The Agile movement had a bad side effect, since the idea was that you didn’t need to plan far ahead, and everything can be adjusted in the next sprint a lot of people got Project Management titles that had no idea how the software was built and what was really involved in the delivery of the project. Instead of getting ahead of large roadblocks, they focused more on making sure that all the fields were filled out in JIRA, adding little value to the project and most of the time just doing annoying pestering of people doing real work.

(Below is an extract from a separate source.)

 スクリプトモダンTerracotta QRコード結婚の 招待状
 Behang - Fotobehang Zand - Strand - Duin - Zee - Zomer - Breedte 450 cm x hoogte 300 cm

What do we do now? Is the idea to get back to sticky notes? Of course not, if sticky notes worked, we would just continue using them. We also know that putting more metadata about the work doesn’t make the work go any faster. We need to get back to things that are real and connected to real needs of the software teams:

  1. What are our actual delivery deadlines? These are different for internal automation tool vs an iOS app.
  2. What are the meaningful milestones? Why do we have them?
  3. How do we manage dependencies between team effectively?
  4. How do we manage capacity while accounting for the fact that context switch can be extremely expensive.
  5. What is the right way to communicate with customers and business stakeholders?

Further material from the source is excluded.